God only knows what that book was they sold, whether it was first edition or a 20th. I can assure you this woman would not have known. But obviously whatever they had, if was not at the sale. Nothing but crap, beat up ex-library copies that have been around that sale for years now. A complete waste of time. If you're thinking about going to a Memphis sale in the future, I wouldn't bother. Unless, of course, you're just looking for something to read and don't mind the copy being a bit beat up, in which case you'll probably find something.

*** Technically speaking, ancient tablets were the books of their time and so are germane to this blog about books. Right? Right. And it's right in the wheelhouse of my imagination's strike zone that the linked article describes archaeologists finding Turkish tablets more than 2700 years old, tablets that don't just list the day to day activities of a temple, but also might verify facts concerning the Persian Empire's expansionist tendencies in those days. Amazing people, amazing stuff. To put this in a time context, these tablets were contemporary to the founding of Rome.

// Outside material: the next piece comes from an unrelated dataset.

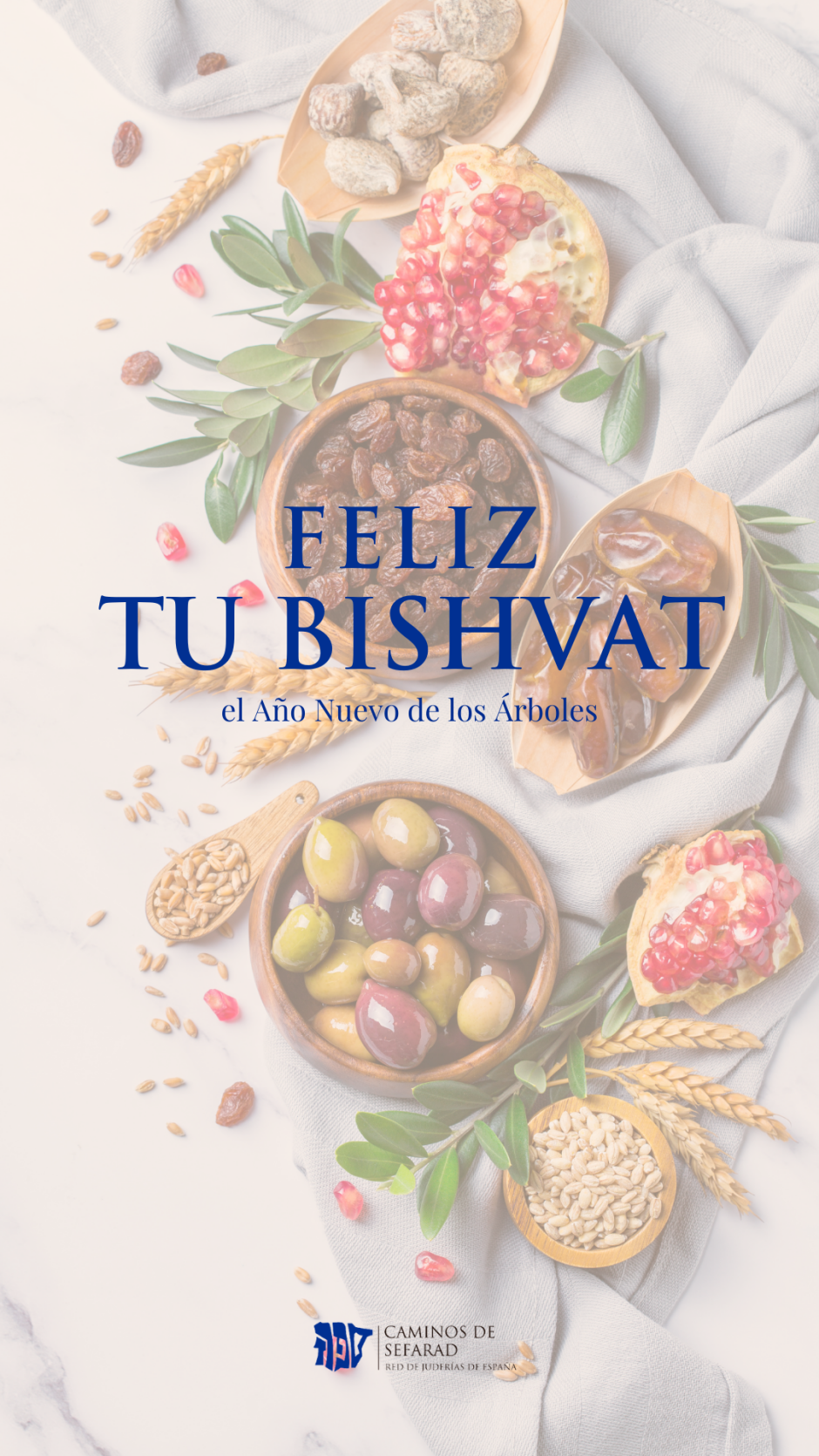 La Red de Juderías celebra Tu Bishvat, el Año Nuevo de los Árboles La Red de Juderías celebra Tu Bishvat, el Año Nuevo de los Árboles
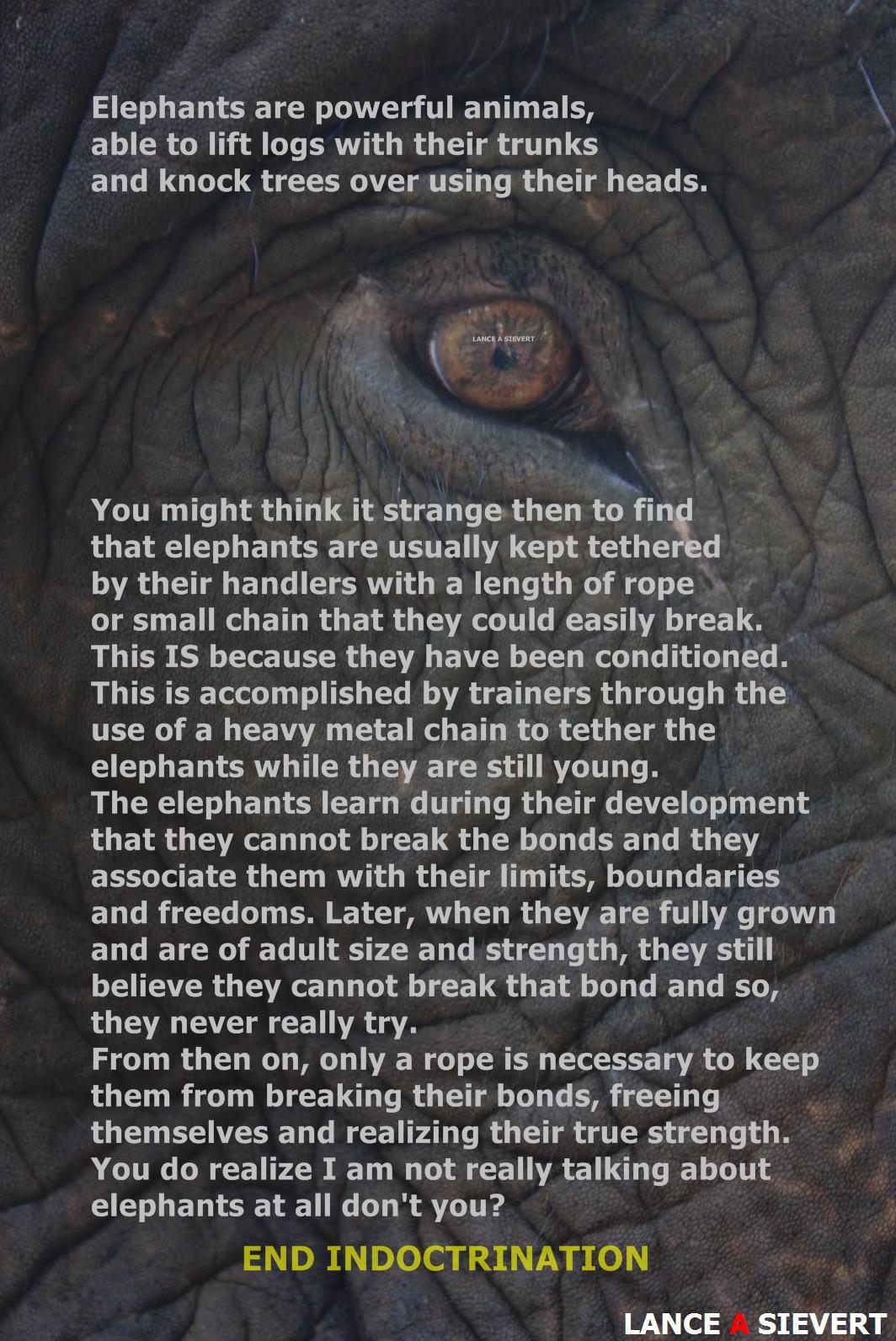 elephants are powerful animals - Elephants are powerful animals, able to lift logs with their trunks and knock trees over using their heads. Lance A Sievert You might think it strange then to find that elephants are usually kept tethered by their handlers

Ancient Persian tablets found

*** A signed copy of Mein Kampf was recently sold at auction and, I must say, it went for less than I would have thought, 21,000 pounds, or roughly $38,000. Not only that, this copy was inscribed by Hitler to a fellow inmate at Landsberg Prison. Inscriptions from Hitler are quite rare. On the other hand, the book is more or less unreadable, the passages are so tangled and dense and rambling that one can look quite a while for coherence, without finding it. Not that anyone buying such a book would actually read it, mind you.

Signed Mein Kampf under the gavel

*** During World War II Germany created, or came close to creating, or at least thought about creating, a whole series of extraordinary, far-ahead-of-their-time weapons. The first stealth aircraft, the first operational jet fighter, the first operational rocket fighter, the first jet bomber, smart bombs with TV sets built into their nose, (and those were actually used in the war, too)...and, of course, the famed V2 rocket, the first ballistic missile, still the basis for most so-called SCUD missiles in use throughout the world. And for that particular little bit of worrisome hardware we can thank one Werner Von Braun.

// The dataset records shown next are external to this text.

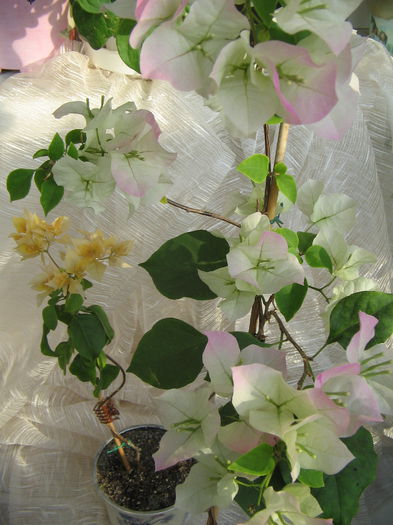 IMG_4096 - 000 Bougainvillea 2013 - 2014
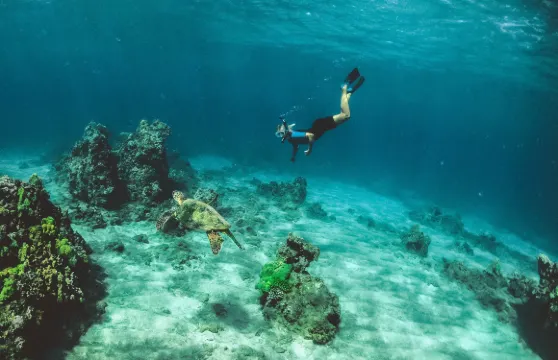 斯里蘭卡尼甘布體驗潛水浮潛3小時[Snorkeling in Negombo]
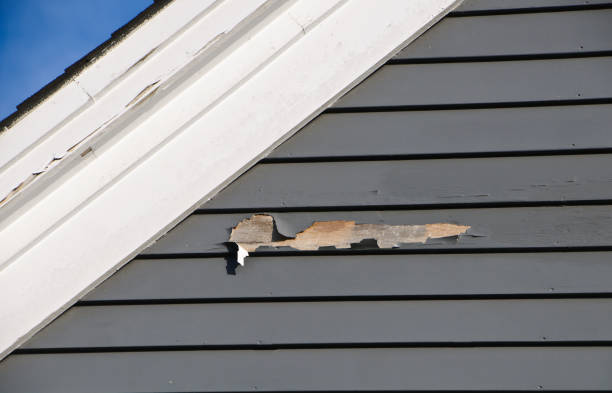 Affordable Siding Repair and Maintenance Services in Hillsborough, NC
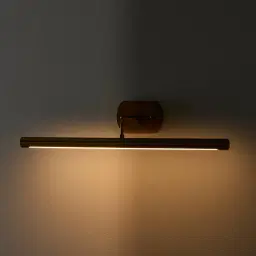 Ralph Picture Light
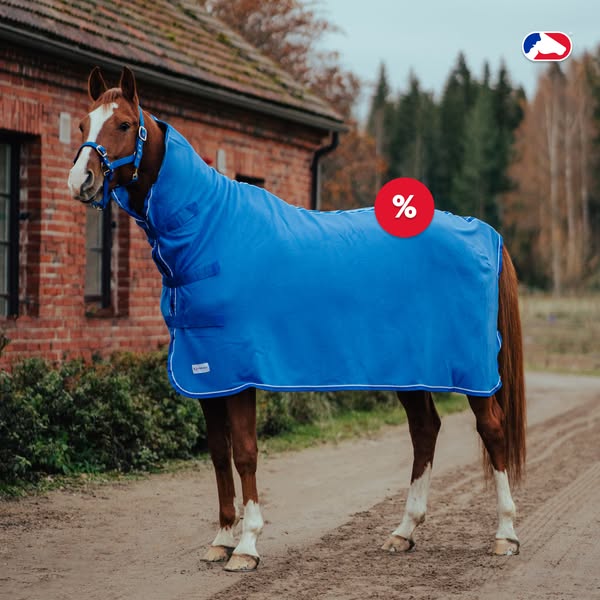 Chemise avec haute encolure Finntack Pro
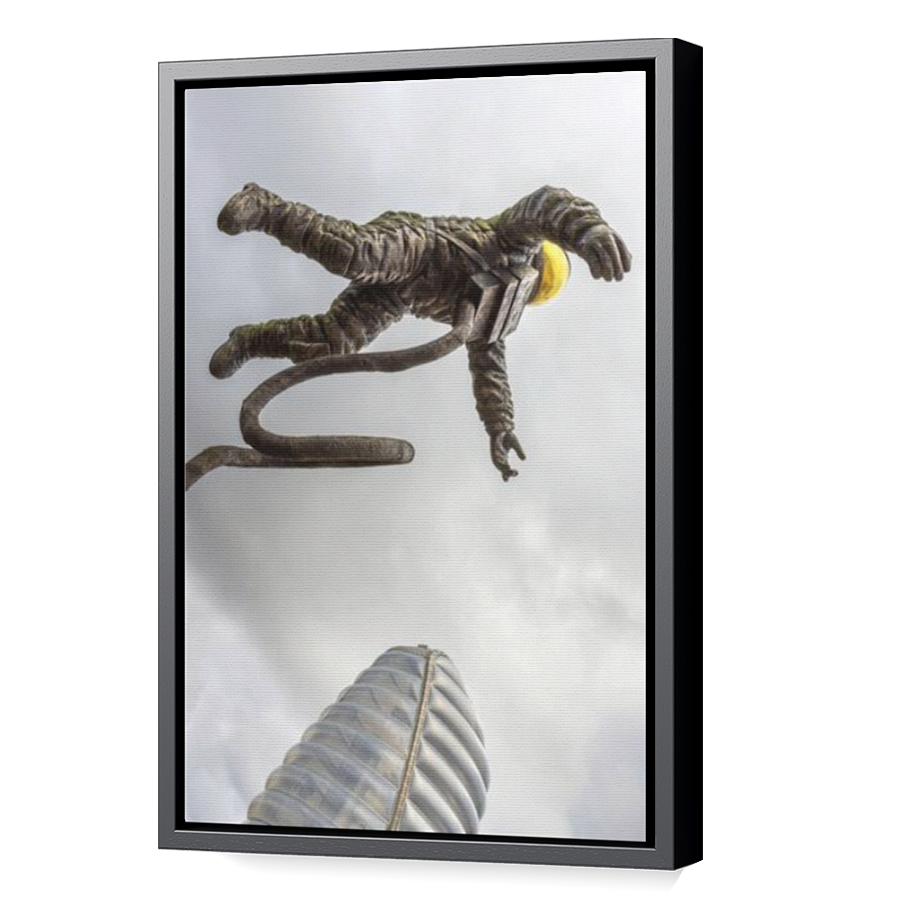 Thumbnail for Canvas - Black Floating Frame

Of course, after the war von Braun came to America and helped put us on the moon, so before we go getting all indignant let's remember that while Braun might have been a Nazi scientist, he was our Nazi scientist.

That, at least, seems to be the general thought behind Dark side of the Moon: Wehrner von Braun, the Third Reich, and the Space Race by Wayne Biddle. Von Braun was a rocket scientist, he designed and built the much feared V2 for Hitler, a weapon that killed thousands in London and Antwerp. But he was also a German and his country was at war. Like fellow scientists in the USSR, saying 'no' to research that could be used for weapons was not an option. If you weren't useful, then you were taking up valuable resources.

Von Braun was a fascinating man and this might be one book I seek out to read.

A needed biography of Werner von Braun

*** The subject of the Italian resistance during World War II, the roving bands of guerillas who made life so miserable for the Germans and Fascist Italians after Italy's surrender in 1943, is a subject almost begging for a good book to detail all of its many aspects. And, based on this review below, it still needs one. Or maybe the book that has been written just needs a better reviewer.

The headline of this book review mentions the book being biased; it's hard to imagine the book is more biased than the reviewer. I mean, come on! How am I supposed to take you seriously when you're using the subject of a review to launch your own political spin about modern Italian politics? This guy is obviously a leftist outraged that Italy was not allowed to become a communist country. Give me a break.

However, given the paucity of information available on this particular topic, the book does fill an important need. Now it just needs a better reader.